§ Work request: Please keep pictures out and return the lines below exactly, from the one holding "Dabacc frascos transparentes" through the last, both included.

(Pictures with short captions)

+---+

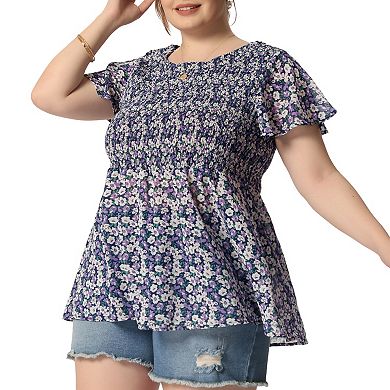 Women's Plus Chiffon Blouses Flare Sleeve Smock Waist Round Neck Ditsy Floral Peplum Tops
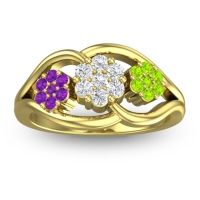 Diamond Fashion Ring In 14k Yellow Gold With Amethyst And Peridot – Arama Simple Ring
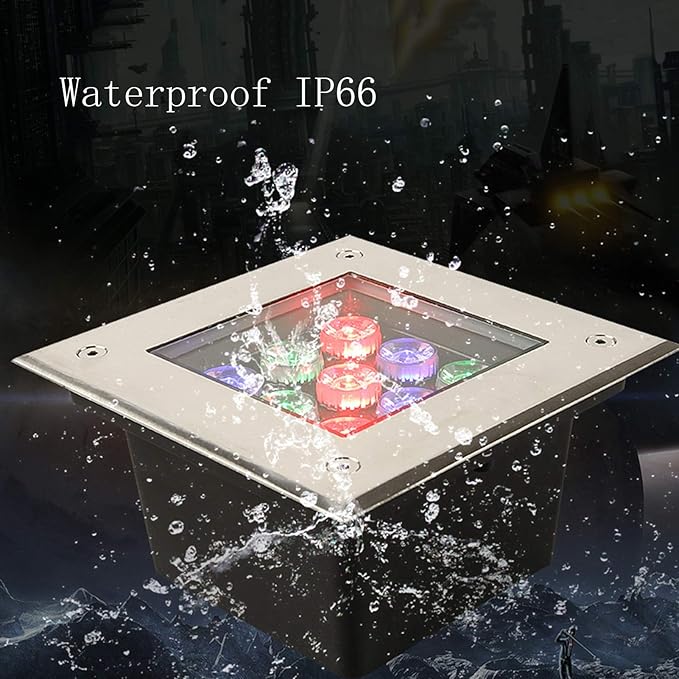 LED Outdoor Spotlights Waterproof IP66 Landscape Lights AC85V~265V Underground Light for Patio Yard Pathway Lawn 8 Colors (Red 24W)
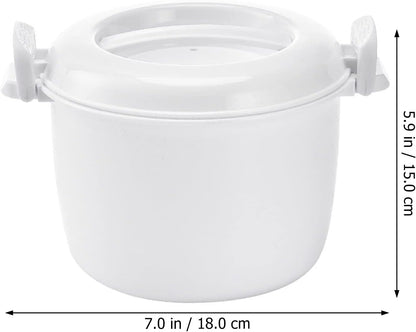 CALLARON 4 Cup Microwave Rice Cooker, Steamer Bowl, Rice Paddle, Pasta Cooker, Bento Box Cookware for Soup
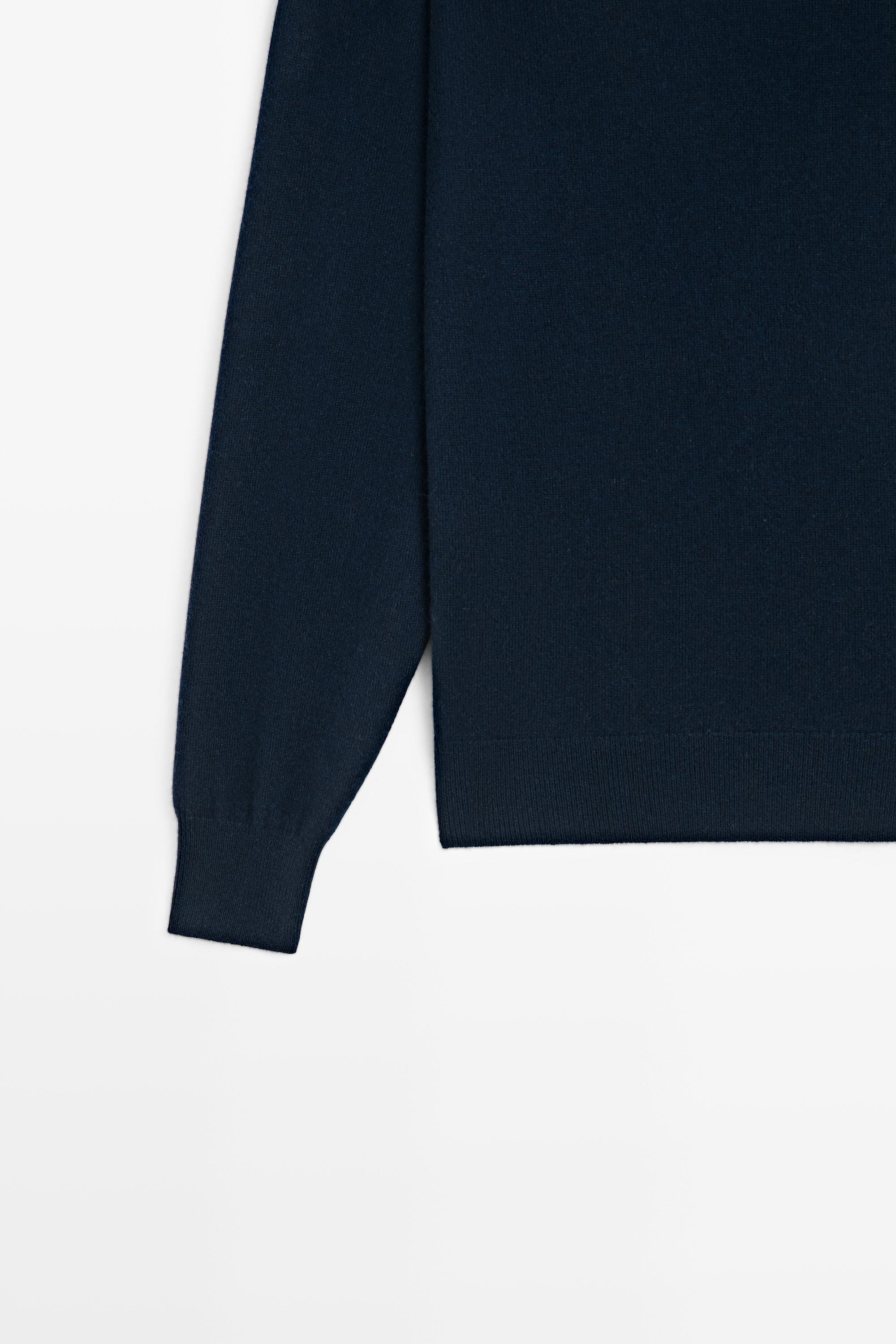 100% cashmere long sleeve sweater - NAVY BLUE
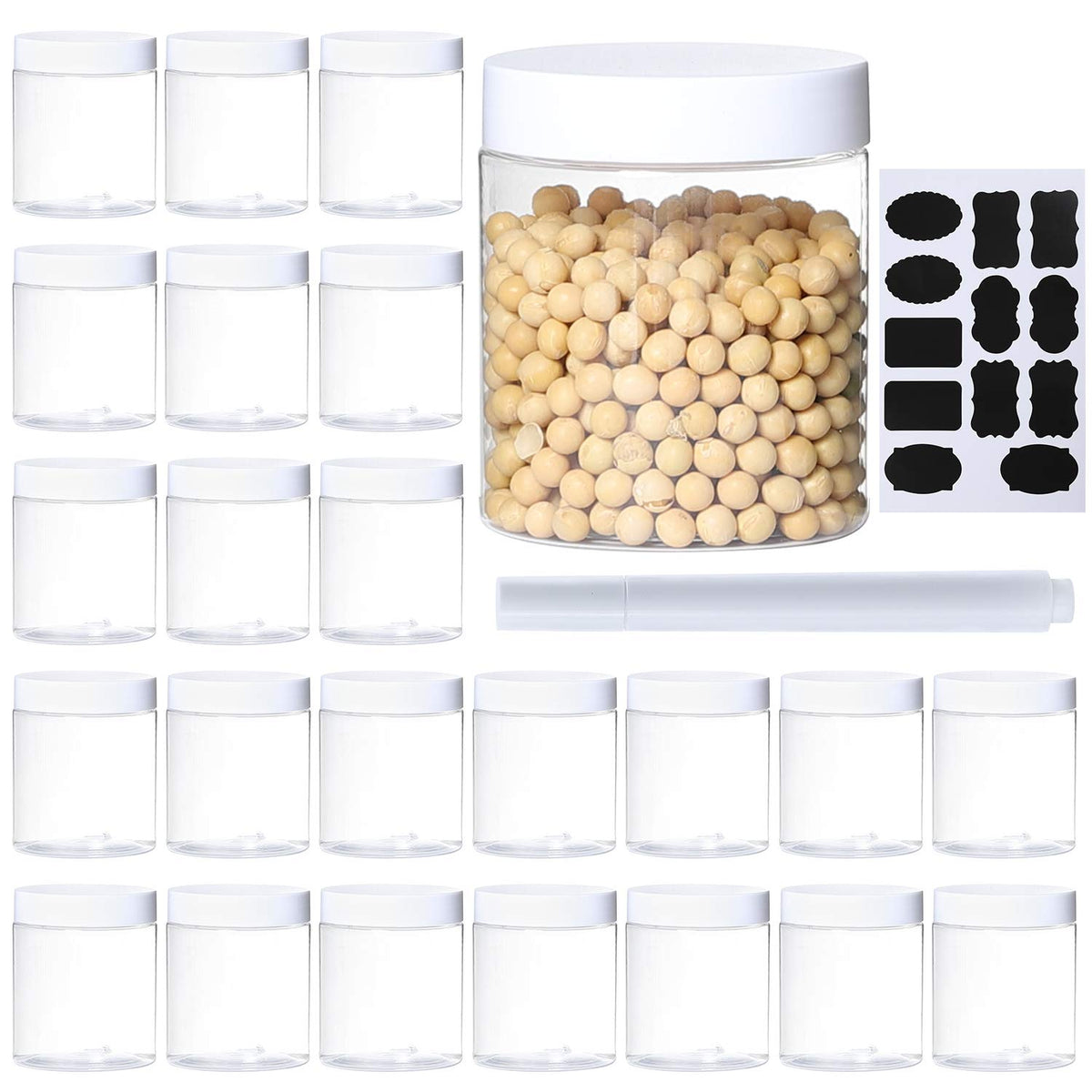 Dabacc frascos transparentes de 8oz con boca ancha para visión rápida del contenido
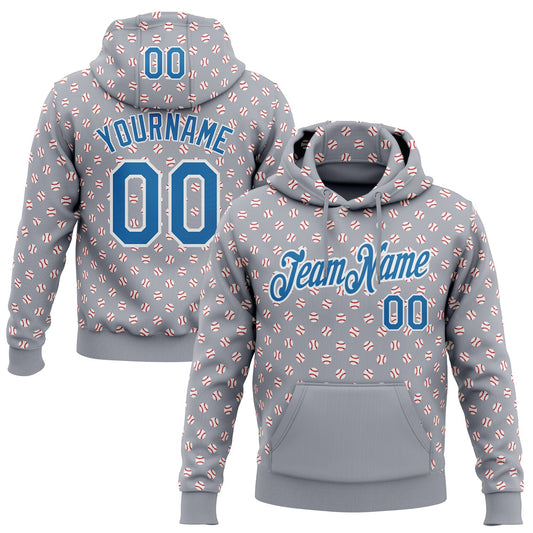 Custom Stitched Gray Blue-White Baseball Game Day Detroit Inspired Sports Pullover Sweatshirt Hoodie - Main View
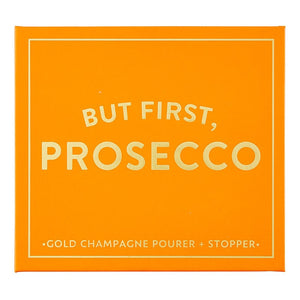 Champagne Stopper + Pourer Book Box - But First, Prosecco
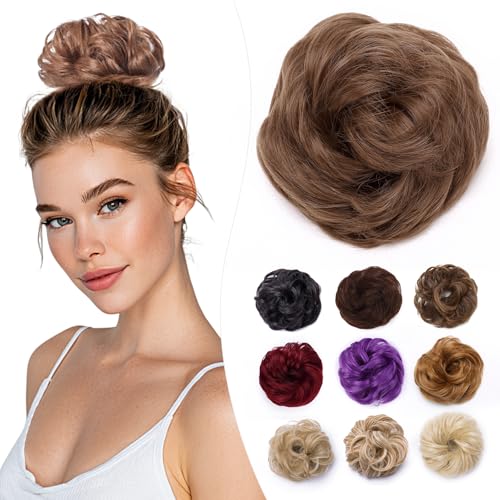 Elailite Chignon Facile Per Capelli Finto Castano Chiaro, Ciambella Parrucca Coda Corta Accessori Donna Forcine Protesi Topper Toupet Ferma Extension Per Capelli Ricci 35g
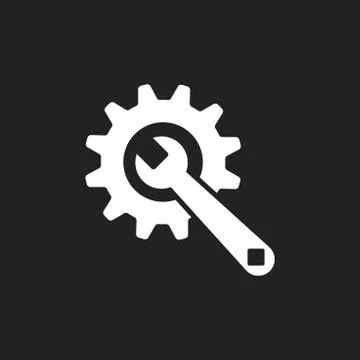 Service tools flat vector icon. Cogwheel with wrench symbol logo illustration Stock Illustration
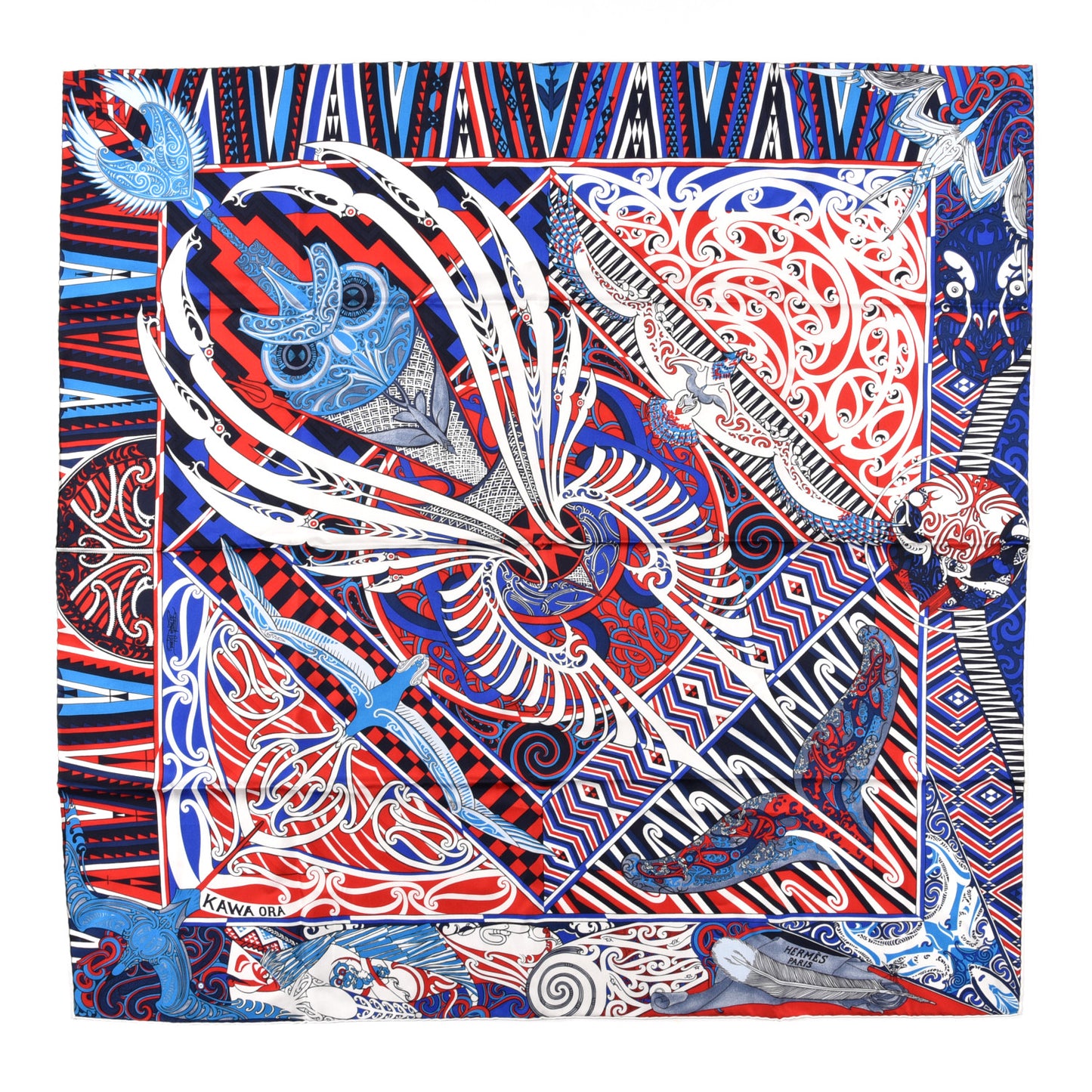 Silk Kawa Ora Scarf 90 Bleu Rouge White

+---+

§ The answer:
 Dabacc frascos transparentes de 8oz con boca ancha para visión rápida del contenido
 Custom Stitched Gray Blue-White Baseball Game Day Detroit Inspired Sports Pullover Sweatshirt Hoodie - Main View
 Champagne Stopper + Pourer Book Box - But First, Prosecco
 Elailite Chignon Facile Per Capelli Finto Castano Chiaro, Ciambella Parrucca Coda Corta Accessori Donna Forcine Protesi Topper Toupet Ferma Extension Per Capelli Ricci 35g
 Service tools flat vector icon. Cogwheel with wrench symbol logo illustration Stock Illustration
 Silk Kawa Ora Scarf 90 Bleu Rouge White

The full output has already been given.